The Math Behind Sound

To analyze an audio signal, we must convert it from the time domain (how it sounds over time) to the frequency domain (what pitches are present).

The Discrete Fourier Transform (DFT) makes this possible. Here is the mathematical foundation:

\[X_k = \sum_{n=0}^{N-1} x_n e^{-i 2\pi k n / N}\]

\(X_k\) represents the frequency domain representation.
\(x_n\) represents the time domain samples.
\(N\) is the total number of samples.

Statistical Metrics in Audio Dynamics

When mastering a track, peak volume is less important than perceived loudness. We measure this using the Root Mean Square (RMS).

RMS provides a statistical average of the audio signal’s power, correlating closely with how human ears perceive continuous loudness:

\[x_{\mathrm{RMS}} = \left( \frac{1}{n}\sum_{i=1}^{n} x_i^2 \right)^{1/2}\]

\(x_i\) represents the individual amplitude values.
\(n\) represents the total number of values in the window.

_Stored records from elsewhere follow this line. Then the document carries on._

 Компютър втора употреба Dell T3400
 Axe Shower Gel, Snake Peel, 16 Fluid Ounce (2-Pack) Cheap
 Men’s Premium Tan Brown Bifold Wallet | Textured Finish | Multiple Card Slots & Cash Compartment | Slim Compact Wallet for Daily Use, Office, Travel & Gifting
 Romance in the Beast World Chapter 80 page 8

Visualizing Audio Waveforms

This slide displays the R code used to generate our first plot.

# Generating a simulated audio waveform (Sine wave + noise)
time <- seq(0, 1, length.out = 500)
amplitude <- sin(2 * pi * 10 * time) + rnorm(500, mean = 0, sd = 0.2)
audio_data <- data.frame(Time = time, Amplitude = amplitude)

# Plotting the waveform
waveform <- ggplot(audio_data, aes(x = Time, y = Amplitude)) +
  geom_line(color = "steelblue") +
  theme_minimal() +
  labs(title = "Simulated Audio Waveform", x = "Time (s)", y = "Amplitude")

The Waveform Output

Here is the ggplot2 visualization generated by the code on the previous slide.

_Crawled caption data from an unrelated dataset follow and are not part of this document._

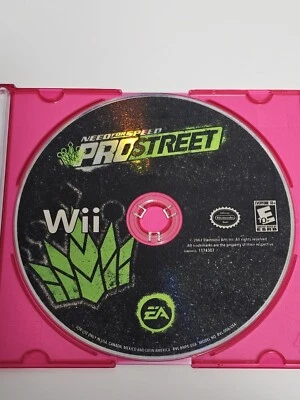 Need for Speed: ProStreet (Nintendo Wii, 2007) - Image 1 of 2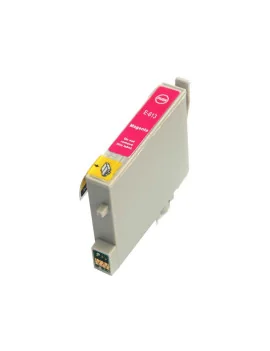 Cartuccia Compatibile Epson T061340 (Magenta 370 pagine)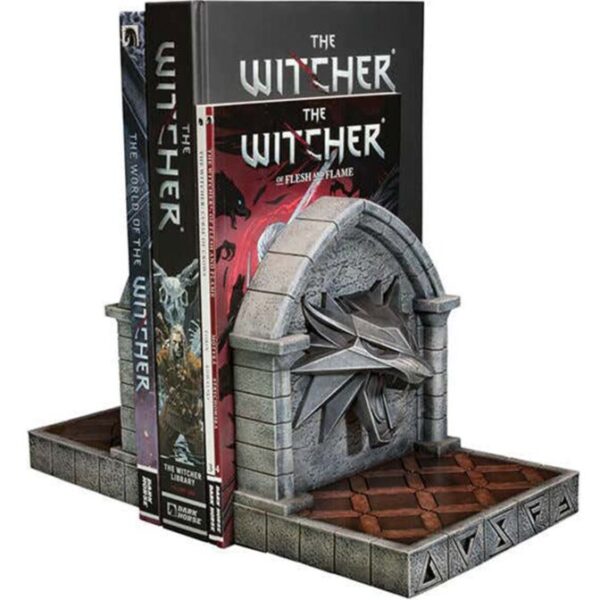 Bookends - The Witcher 3 Wild Hunt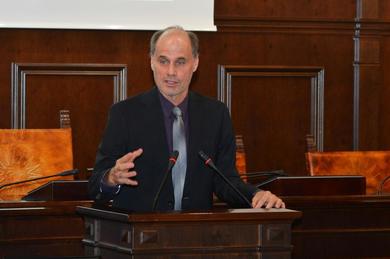 Предавање ректора Универзитета Приморска проф. др Др...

Frequency Density Distribution

Using statistical density plotting, we can analyze the concentration of specific amplitude thresholds within an audio file. This helps identify if a track is overly compressed or dynamically rich.

3D Spectrogram

A spectrogram visualizes sound by mapping Time, Frequency, and Amplitude simultaneously.

Conclusion

Data-Driven Production: Leveraging statistical tools like ggplot2 and plotly allows producers to see what they hear.
Math as a Tool: Understanding the math behind concepts like FFT and RMS ensures better decision-making during the mixing process.
Future Work: Further analysis could involve applying these scripts to actual .wav or .mp3 datasets extracted from a DAW.